Starwood Limits Redemptions From $10 Billion Property Fund

Nontraded Trust Says Now Is Not the Time for Forced Property Sales

Barry Sternlicht, Chairman and CEO, Starwood Capital Group. (Patrick T. Fallon/AFP via Getty Images) Barry Sternlicht, Chairman and CEO, Starwood Capital Group. (Patrick T. Fallon/AFP via Getty Images)

SREIT, the nontraded trust managed by billionaire Barry Sternlicht’s Starwood Capital based in Miami Beach, Florida, told investors in an update late Thursday it would be restricting liquidity rights by more than 80%, limiting redemptions to 0.33% of its net assets a month from the up to 2% has allowed since its inception in 2018.

The restrictions are expected to last six to 12 months and are aimed at preserving liquidity and preventing forced sales into what Starwood said is a recovering market. Higher interest rates globally in the past two years has led Blackstone and other money managers to restrict redemptions as investors look to move money away from property into other areas.

SREIT said it had decided to restrict investors’ liquidity rights because it believed property markets will soon recover.

“As a result, and as a fiduciary to our stockholders, we cannot recommend being an aggressive seller of real estate assets today given what we believe to be a near-bottom market with limited transaction volumes, and our belief that the real estate markets will improve. There is plenty of “dry powder” to purchase real estate, but much of it remains on the sidelines as bid ask spreads remain elevated, the sign of a market not functioning properly.”

In the first quarter its properties reported a 7% increase in rents in what it called the “best in our competitive set” — while selling $2.8 billion in property assets to meet redemptions at values slightly below book value.
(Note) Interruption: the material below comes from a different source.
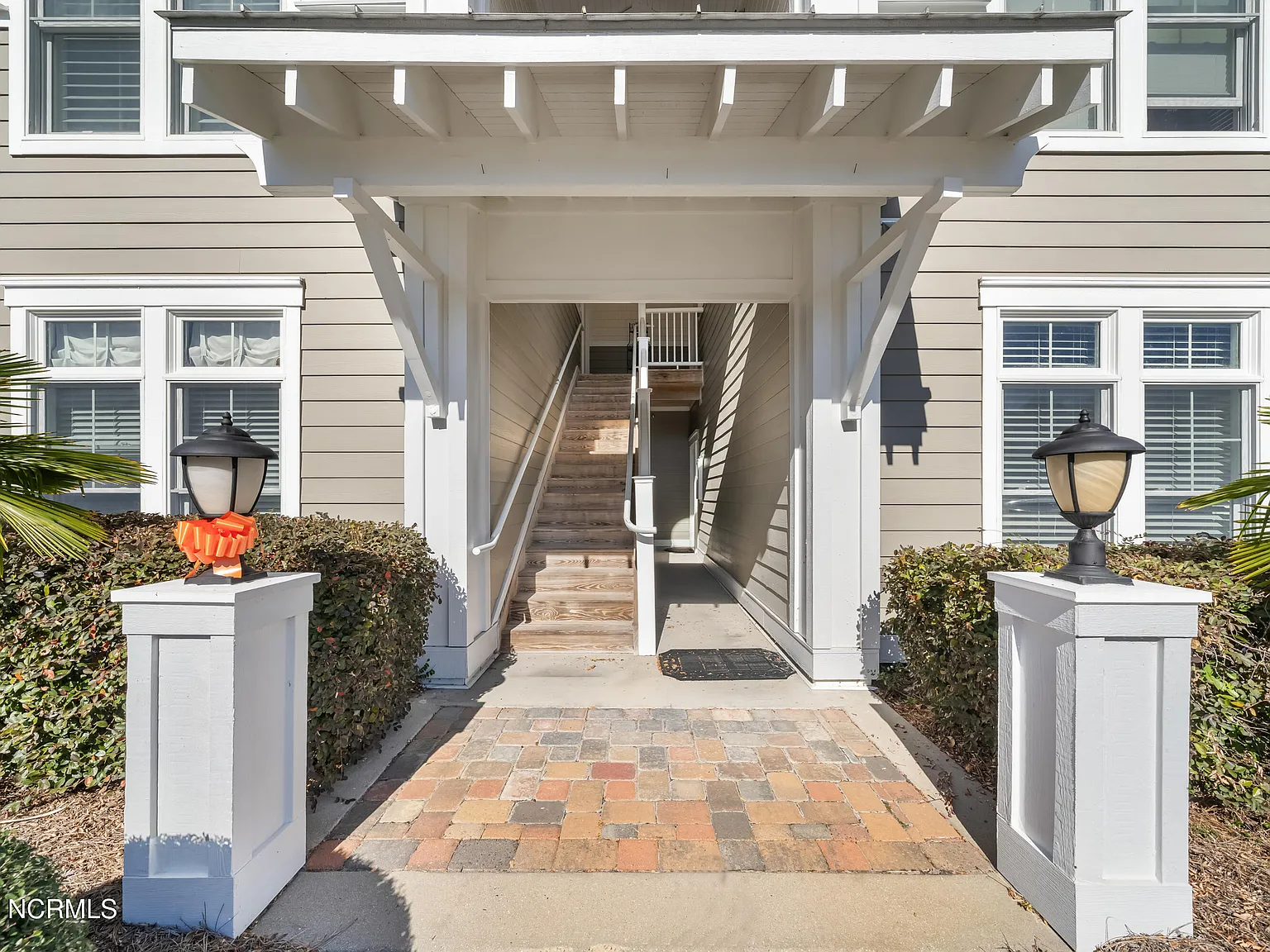3 bed, 3.0 bath, $3,000 — Photo 3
The portfolio comprises Arizona apartment blocks, logistics centres in Norway and a large loan it provided to Blackstone for the acquisition of Australian hotel and casino group Crown Resorts.

Managed Portfolio

SREIT is one of the largest nontraded REITs, a commercial real estate fund that allows retail investors to own shares in a managed portfolio but places restrictions on taking out money in case there is a run to the exit door.

The $60 billion Blackstone Real Estate Income Trust is the largest of these funds and was first to limit redemptions in 2022. In February it lifted these restrictions and saw its shareholder buyback requests decline in March. Share buyback requests from stockholders were down 17% from February and down 85% from a year earlier, the REIT told shareholders. It was the lowest level of requests in 23 months.

As reported, those Blackstone results signal that nontraded REITs are coming to a turning point when their net asset values may again rise.

In the United Kingdom, so-called open-ended property funds with daily trading have become increasingly under fire because of the liquidity mismatch between redemption requests and the ability to quickly sell the underlying real estate assets.

SREIT has faced heavy redemption requests. Earlier this month, the Financial Times reported that SREIT had drawn down more than $1.3 billion of its $1.55 billion credit facility beginning in 2023 as it used much of its available liquidity to pay redemptions, leaving it short on cash.

The new limits will keep quarterly redemptions to about $100 million.